The smartest move, if they're true, is to be silent. The smartest move, if even a single email is doctored, is to protest that it's fake.

There's already been tons of reporting in non-left-aligned media about the emails and the fact that his silence is suggestive of them being real. If he were to deny it, the very little bit of reporting that NYT etc. did about it, suggesting it's likely disinformation, likely from Russia, could be even more strong with its claims that it's total bullshit.

Combined with the corroboration of the person in that email thread, and the fact there isn't anything that interesting in the emails (why doctor something so boring? like with the DNC emails hacked and leaked by Russian intelligence), I'm happy to bet money with you that they'll be proven to be legitimate within a few months. I don't think it's proven at all, but I think it's more likely than not.
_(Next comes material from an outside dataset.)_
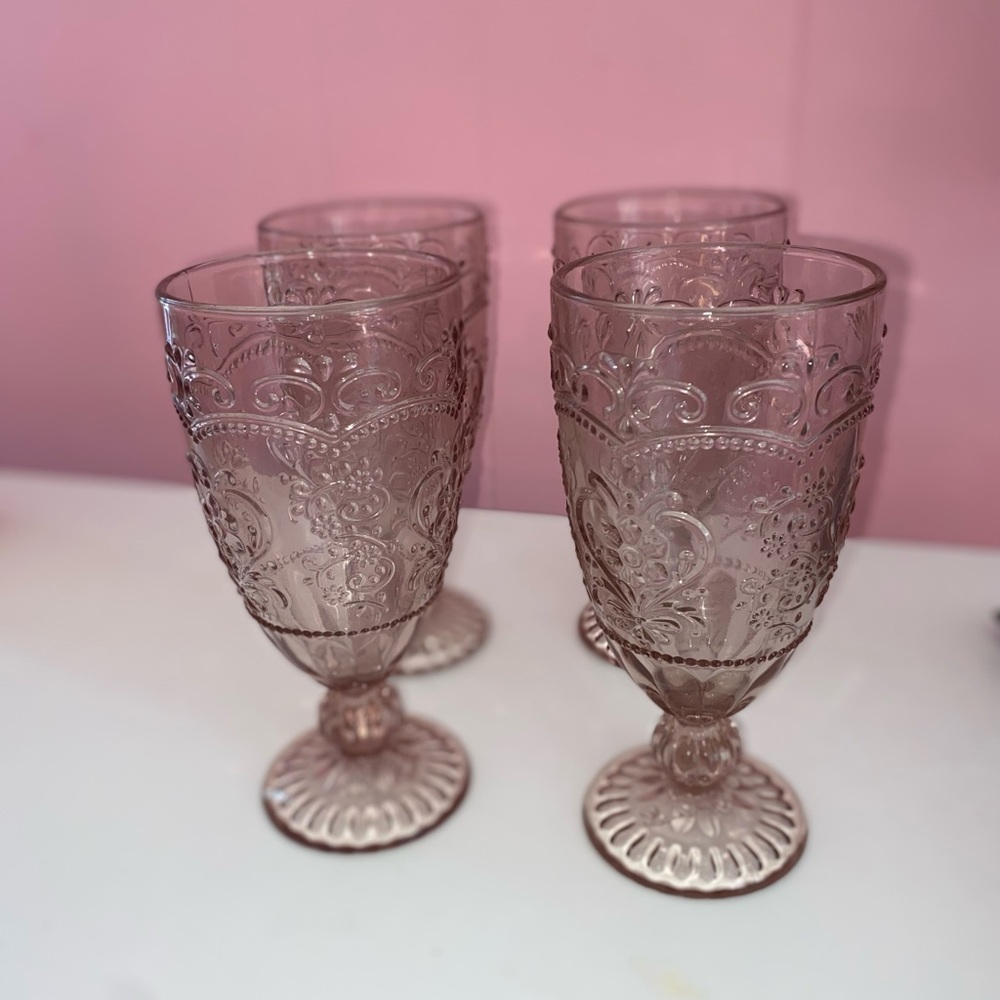 The Pioneer Woman Pink Vintage-Style Drinkware Goblets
There was an article I saw recently quoting from a right-wing political operative about smears. The takeaway was that a smear has little value if it stays contained within right-wing echo chambers. The goal is to get the mainstream press to talk about it non-stop. That is the mark of a successful smear campaign (this is tangential to the information's accuracy).

The fact that the mainstream press hasn't talked about the controversy much outside of the context of twitter et al blocking its dissemination, or it being a suspected disinformation campaign is a win for Biden. Denying the content of the controversy suddenly allows the story to be reported as a he-said, she-said, giving the story a life of its own. This does a disservice to Biden because now the reporting can be neutral between the parties. The battle here is over swing voters, and a he-said/she-said controversy is exactly the kind of nebulous "concerns" the GOP hope to raise about Biden. It was the specter of something going on that defeated Hillary and they're hoping to repeat this with Biden. Not addressing the specifics of the controversy allows the story to stay where it belongs, as a right-wing media hail mary.

As a comparison, mainstream press didn't report on the Trump dossier until Buzzfeed's reporting of the dossier became the story. Once the story becomes reified, mainstream outlets can then report on the controversy. The winning move is to keep the story from becoming its own controversy. Not addressing it directly helps to accomplish this.